CV = cardiovascular; other abbreviations as in Tables 1, 2, and 3.

The median value of BMI in the underweight group was 17.6 kg/m2, and the survival of extreme underweight patients (BMI<17.6 kg/m2) was similar to that of nonextreme underweight patients (17.6 < BMI <18.5 kg/m2) (P = 0.77) (Supplemental Figure 2).

Discussion

We analyzed the effect of underweight on TAVR outcomes (Central Illustration). Overall, 242 of 1,693 patients (14.3%) were underweight, with a BMI of <18.5 kg/m2. The baseline characteristics of the underweight group were different in several respects compared with the other groups. Despite a similar 30-day mortality rate, underweight patients had higher all-cause mortality (non-CV causes) than the other 2 groups.

Central Illustration.

Central Illustration

Prevalence and Outcomes of Underweight Patients Undergoing Transcatheter Aortic Valve Replacement

Fourteen percent of study patients (n = 1,693) were underweight, and presented the worst survival after transcatheter aortic valve replacement (TAVR). Most mortalities were attributed to non-cardiovascular (CV) causes.

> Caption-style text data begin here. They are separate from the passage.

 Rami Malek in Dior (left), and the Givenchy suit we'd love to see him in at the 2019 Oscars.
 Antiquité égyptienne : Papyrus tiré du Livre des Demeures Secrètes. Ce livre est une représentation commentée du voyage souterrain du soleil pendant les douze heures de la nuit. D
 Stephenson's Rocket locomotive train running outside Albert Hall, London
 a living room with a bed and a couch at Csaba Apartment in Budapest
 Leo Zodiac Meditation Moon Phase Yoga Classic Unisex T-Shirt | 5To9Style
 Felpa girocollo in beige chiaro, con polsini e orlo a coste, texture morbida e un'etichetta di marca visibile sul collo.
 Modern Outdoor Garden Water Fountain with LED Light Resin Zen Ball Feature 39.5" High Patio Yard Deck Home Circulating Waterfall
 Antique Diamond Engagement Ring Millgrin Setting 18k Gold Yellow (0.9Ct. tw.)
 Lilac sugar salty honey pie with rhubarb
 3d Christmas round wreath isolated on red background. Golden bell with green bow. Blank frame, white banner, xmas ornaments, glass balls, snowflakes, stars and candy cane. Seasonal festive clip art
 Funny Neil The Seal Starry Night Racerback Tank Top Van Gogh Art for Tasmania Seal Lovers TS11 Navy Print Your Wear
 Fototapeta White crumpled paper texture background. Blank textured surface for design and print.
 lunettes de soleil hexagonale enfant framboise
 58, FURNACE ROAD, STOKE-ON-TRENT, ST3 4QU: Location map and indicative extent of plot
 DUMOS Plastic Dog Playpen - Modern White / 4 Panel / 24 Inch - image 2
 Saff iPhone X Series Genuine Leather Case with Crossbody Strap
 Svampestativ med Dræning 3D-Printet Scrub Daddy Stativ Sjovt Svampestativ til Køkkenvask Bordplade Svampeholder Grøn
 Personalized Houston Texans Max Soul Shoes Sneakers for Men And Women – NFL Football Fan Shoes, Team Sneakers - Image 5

The strengths of this study were its number of underweight patients, long duration of patient follow-up, and cause of death analysis.

Underweight group in TAVR

According to World Health Organization criteria, underweight was defined as a BMI of <18.5 kg/m2.16 Previous studies included only 0% to 9% of underweight patients undergoing TAVR (Table 6).7, 8, 9,18 Compared with patients in Western countries, many Japanese patients undergoing TAVR have a lower BMI.13 The average BMI of our patients was 22.5, and 242 of the overall 1,693 (14.3%) patients were classified as underweight. In contrast, the average BMI of Western patients is 26 to 27 kg/m2.13 Some studies have revised the criteria of underweight upward to a BMI of <20 kg/m2,10, 11, 12,19 the criterion for frailty defined by the VARC-2. Even if the cutoff for underweight was a BMI of <20 kg/m2, only 6% to 9% of patients in Western countries would meet it (Table 6).10, 11, 12,19 Thus, the true prognostic impact of a lower BMI after TAVR, the left side of the BMI mortality curve, has not been fully elucidated. Different criteria for underweight might be needed for different populations. As an alternative to BMI, lean body mass was reportedly an excellent prognostic indicator after TAVR,20 but it requires complicated calculations. The modified BMI, which is calculated as BMI multiplied by serum albumin value, is also reportedly useful for stratifying prognosis after TAVR.21

Table 6.

Backgrounds and Outcome of Underweight Patients in the Previous and Current Studies

Boukhris et al19 (n = 412) Yamamoto et al9 (n = 3,072) Sharma et al18 (n = 31,929) Voigtländer et al12 (n = 16,865) Tezuka et al (n = 1,693)
Year of TAVR 2009-2019 2010-2011 2011-2015 2011-2014 2010-2020
Country Canada France USA Germany Japan
UW patients, n (%) 35 (8.5)a 95 (3.1)b 806 (2.5)b 956 (5.7)a 242 (14.3)b
Age (y) 80 84 85 83 84
Women 66 79 71 75 76
BSA (m2) NA 1.4 1.5 NA 1.3
Hypertension 83 57 80 NA 62
PAD 26 15 32 NA 22
eGFR (mL/1.73 m2/min) 39 NA 64 NA 57
Albumin (g/dL) 3.6 NA 3.6 NA 3.6
Ejection fraction (%) 61 54 56 NA 59
STS score (%) 6.7 NA 9.0 8.7 8.3
TF approach 63 78 53 71 88
30-d mortality 8.6 17 11 7.6 1.7
1-y mortality 11 32 35 27 NA

Values are % unless otherwise noted.

UW = underweight patients; other abbreviations as in Tables 1, 2, and 3.

a

Body mass index <20 kg/m2.

b

Body mass index <18.5 kg/m2.

Similar to previous reports,8, 9, 10, 11, 12,18,19 the underweight group in our study had a higher prevalence of female sex and New York Heart Association functional class III/IV, and it was associated with a smaller mean aortic valve area, a lower mean ejection fraction, and higher operative scores. We might have hesitated to use curative therapy for AS in underweight patients because of their frailty and high operative risk.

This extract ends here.